The alarm signals of injured prey were obtained by manual crushing of 20 amphipods or 60–80 chironomids (the same numbers as those included in the fish diet) mixed with 10 ml of control water. Such a mixture was filtered (40 µm gauze) and added to one of the source tanks filled earlier with control water. This resulted in the final concentration of 30 mg of crushed prey per 1 l of water in the source tank, which is similar to the doses used by Wisenden et al. (2009) and likely to elicit the amphipod response.

The water containing kairomones or alarm cues was added to the source tank immediately before each trial, ensuring the activity of the chemical signal (even in the case of its rapid degradation). Wisenden et al. (2009) showed that alarm cues from crushed Gammarus lacustris induced anti-predator responses even after 3 h after release.

We tested amphipods in the presence of one of the above-mentioned predation cues (two predators x four food variants as well as three alarm substances) in one of the y-arms and control water in the other.

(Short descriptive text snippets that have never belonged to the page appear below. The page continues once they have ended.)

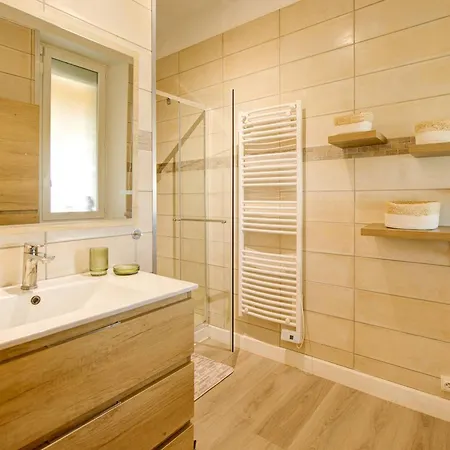 Spacieuse, Piscine Privee - 12 Pers. - Fr-1-828-18 Villa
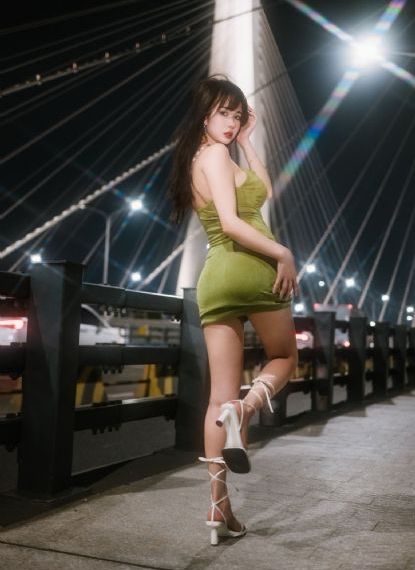 成人情侣激情偷拍视频_剧情片免费观看韩国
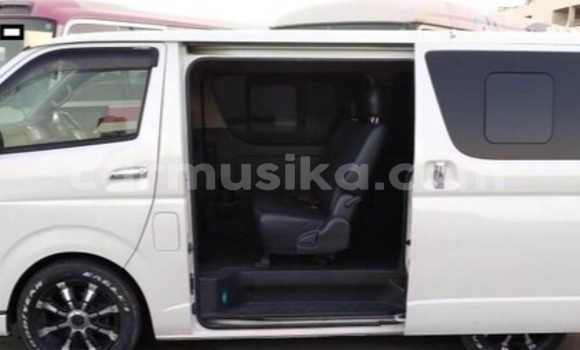 Acheter Occasion Voiture Toyota Hiace Blanc à Beitbridge, Matabeleland South Acheter Occasion Voiture Toyota Hiace Blanc à Beitbridge, Matabeleland South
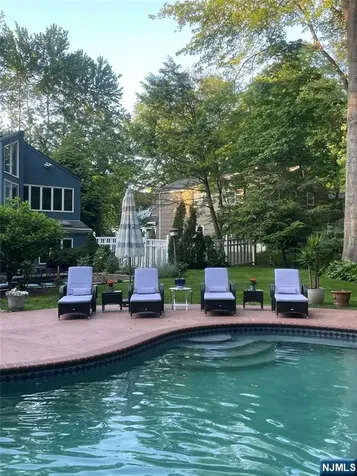 300 Lake Shore Drive Haworth NJ 07641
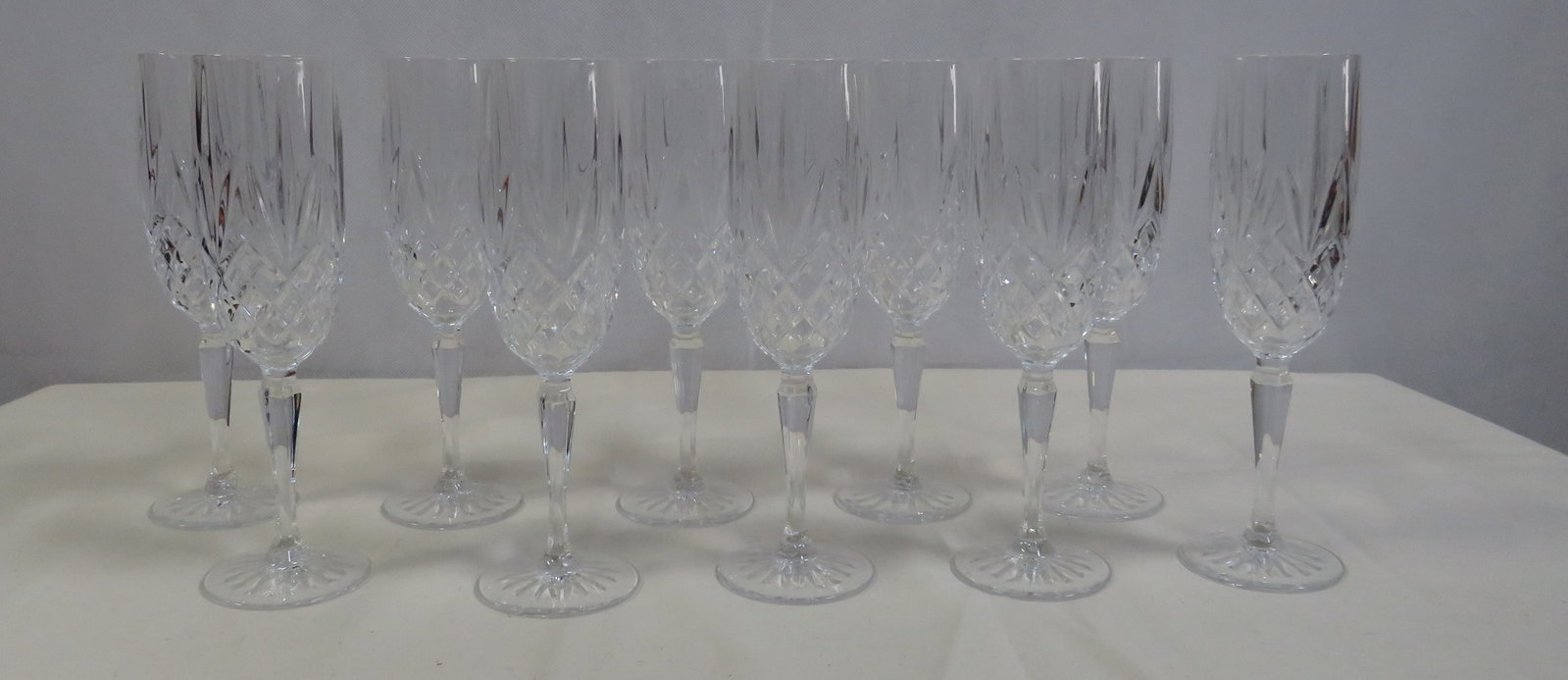 Set of 10 Crystal D'Arques Champagne Flutes: Set of 10 Crystal D'Arques Champagne Flutes in good condition. 8.25"H x 2"D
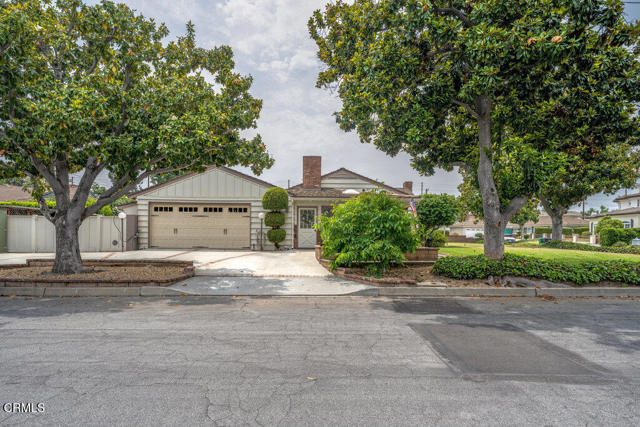230 E Pamela Road, Arcadia CA: https://media.crmls.org/mediaz/de0e7f90-5eb4-437e-b126-0af202ef2c0b.jpg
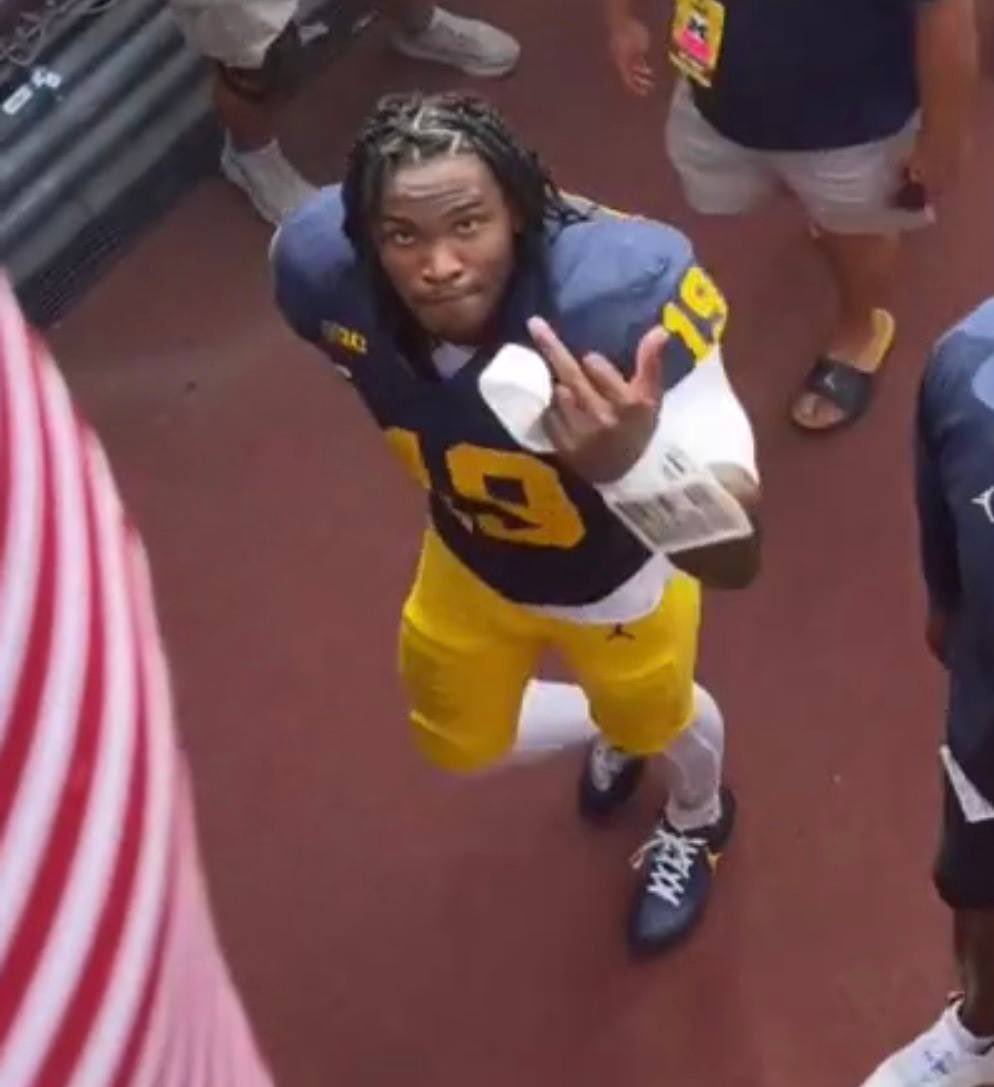 BarstoolUofM's tweet photo. HEY OHIO STATE https://t.co/Vd3zn93kR3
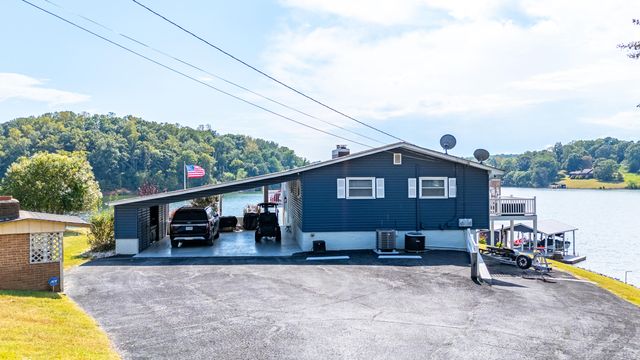 1193 Rebel LN, Goodview, VA 24095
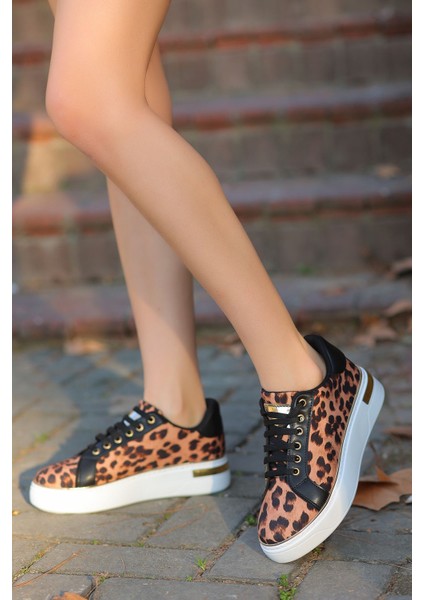 Lukka Düz Taban Bağlı Spor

Moreover, we also conducted a test with control water in both arms of the y-maze to check for their equality.

After stabilizing the flow, we placed 10 amphipods into the mixing zone of the y-maze. Each experimental trial lasted for 35 min, including 5 min for acclimation and 30 min of behavioural observations. The experiment was recorded using an IP video camera (SNB-6004, Samsung, South Korea) placed above the tank.

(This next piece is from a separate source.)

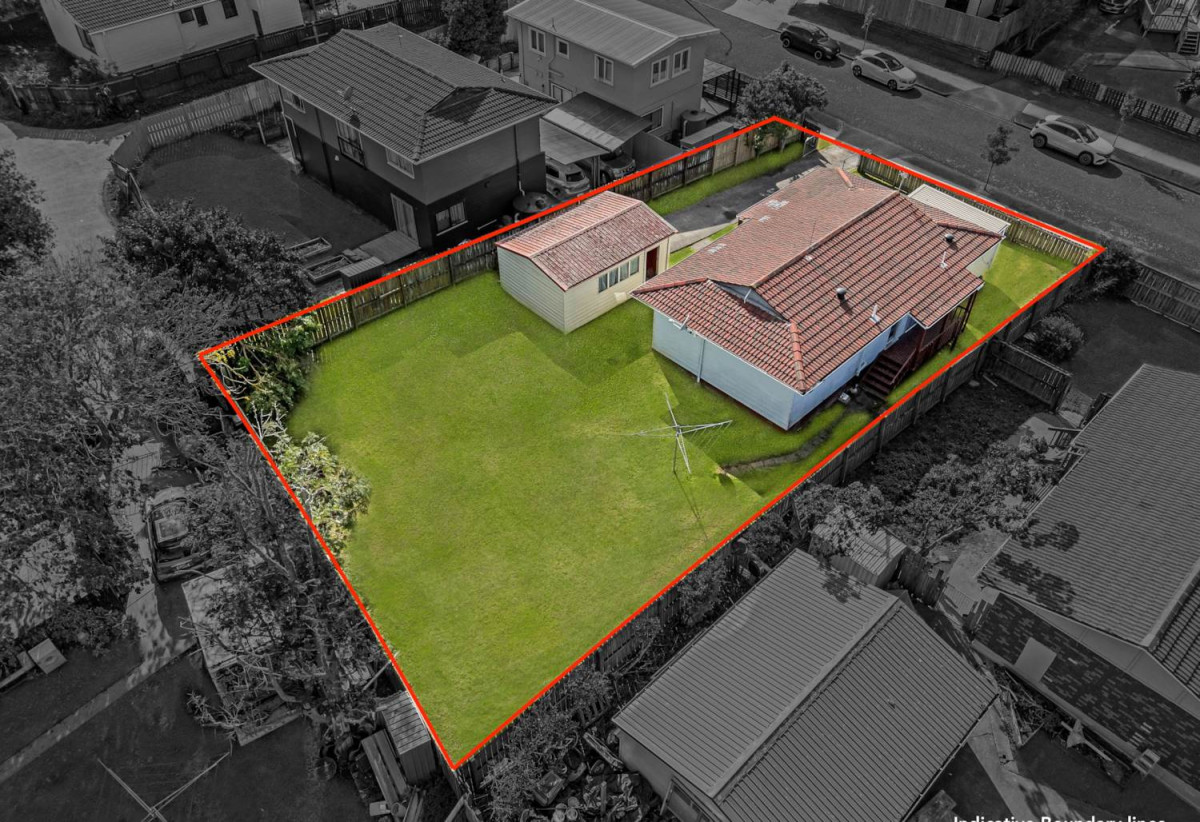 624m2 section, 3 beds 1 bath house with standalone garage, close to Manurewa town centre, Auckland Botanic Gardens, schools, motorway access, 0.3 km to Manurewa East School, 0.9 km to Greenmeadows Intermediate and Alfriston College, 27 Secretariat Place, Randwick Park, Auckland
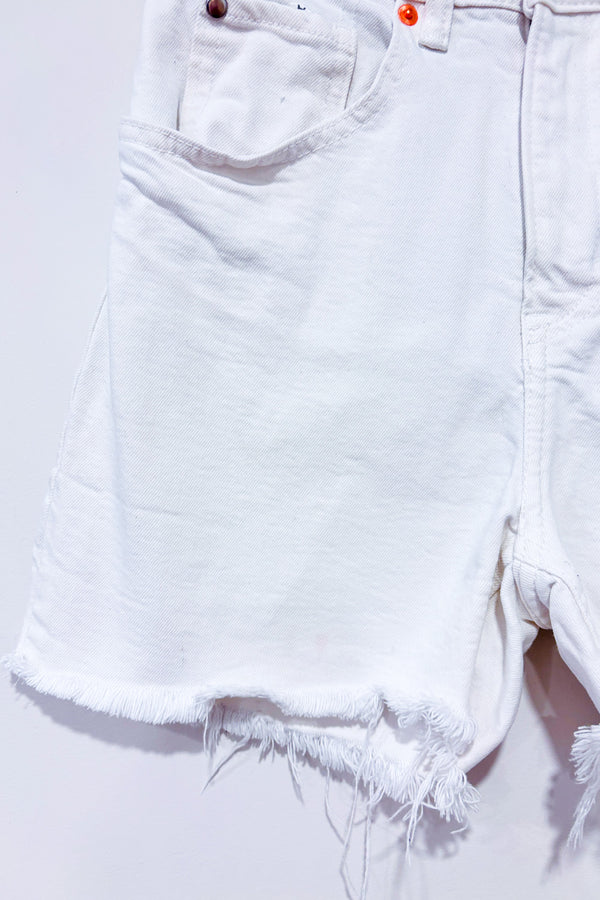 Short blanc en jeans à taille haute seconde main - H&M- La Penderie du Paradis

The experiment was replicated 12–15 times (replicates with an object detection rate by the video analysis software lower than 90% were dropped from the analysis) for each type of predation cue. The order of replicates was randomized among particular treatments. After each replicate, the signal and control arms of the y-maze were switched, and the y-maze was cleaned carefully by rinsing it several times with hot and cold tap water.

Data analysis

To analyse the recorded video material, we used Noldus Ethovision XT 10.1 software. We determined (1) percentage of time spent by amphipods in each y-maze zone (both arms and mixing zone) and (2) number of entrances to each y-arm. The individuals tested in a single replicate were not independent of one another and, moreover, the software sometimes switched the identities of the individuals that had touched each other. Therefore, to avoid pseudoreplication, we determined cumulative values for all 10 individuals from each replicate and divided them by 10 to obtain average values, which were used as data points in the further analysis.

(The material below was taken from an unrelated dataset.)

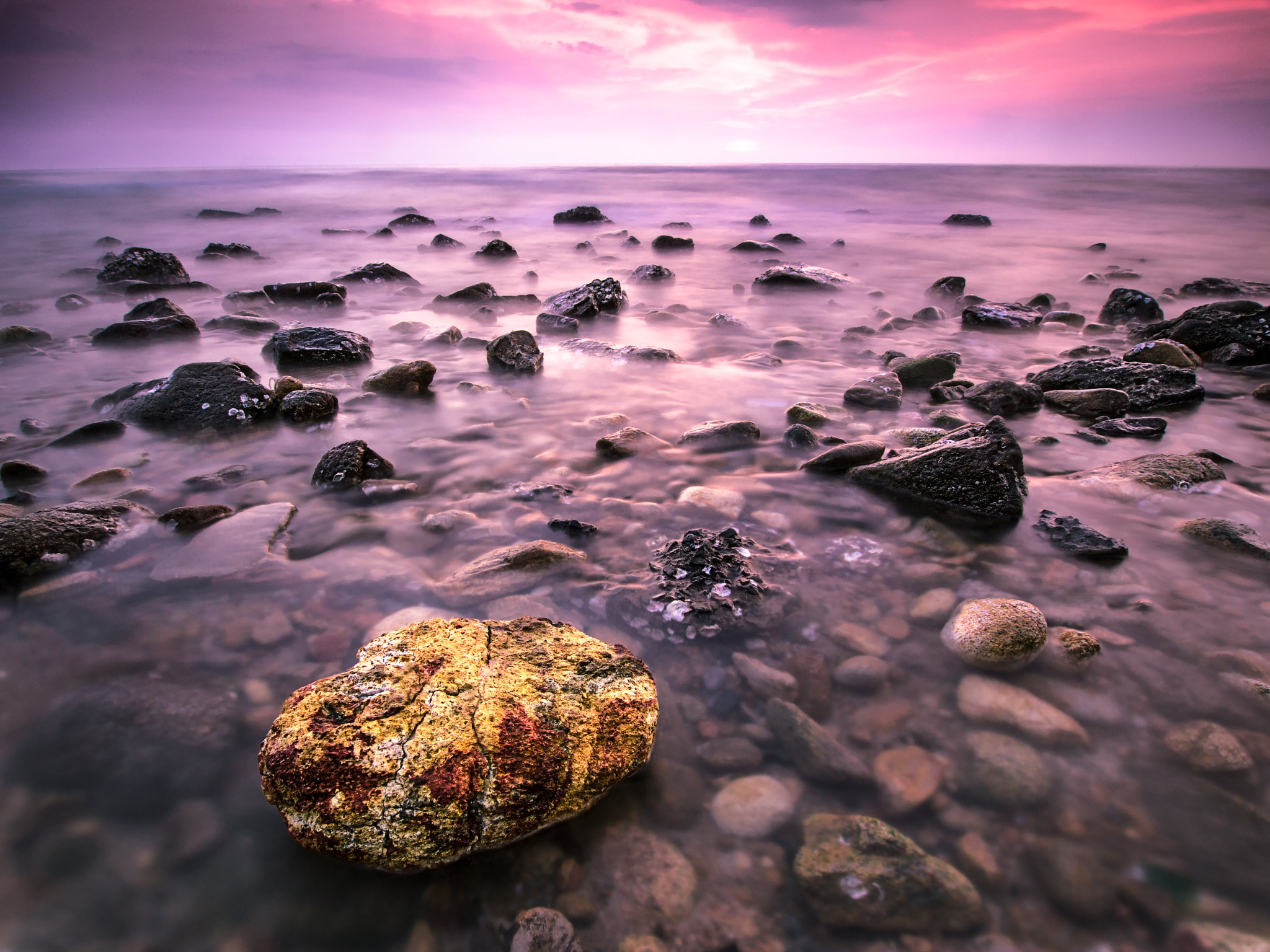 Olympus Zuiko Digital ED 9-18mm F4.0-5.6 sample photo. Golden rock ii photography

As we were interested in detecting directional responses of amphipods to the signals present in particular y-arms, our response variables used in the data analysis were (1) difference between the percentages of time spent by amphipods in each y-arm and (2) difference between the numbers of amphipod entrances to each y-arm. The differences were calculated by subtracting the value measured in the control y-arm from that measured in the signal y-arm. Thus, negative and positive values stood for avoidance and preference, respectively. For the control treatment containing no signals, we assigned the y-arms as signal or control by random. We assumed that amphipods would behave similarly in both y-arms in the control treatment, so that the response variables would be close to 0, whereas their response to any signal should result in a difference from the control treatment. Moreover, we analysed (3) time spent by amphipods in the mixing zone, to check if the applied signals made them move more or less often to both y-arms (which could indicate an increase or decrease in habitat exploration by amphipods, respectively).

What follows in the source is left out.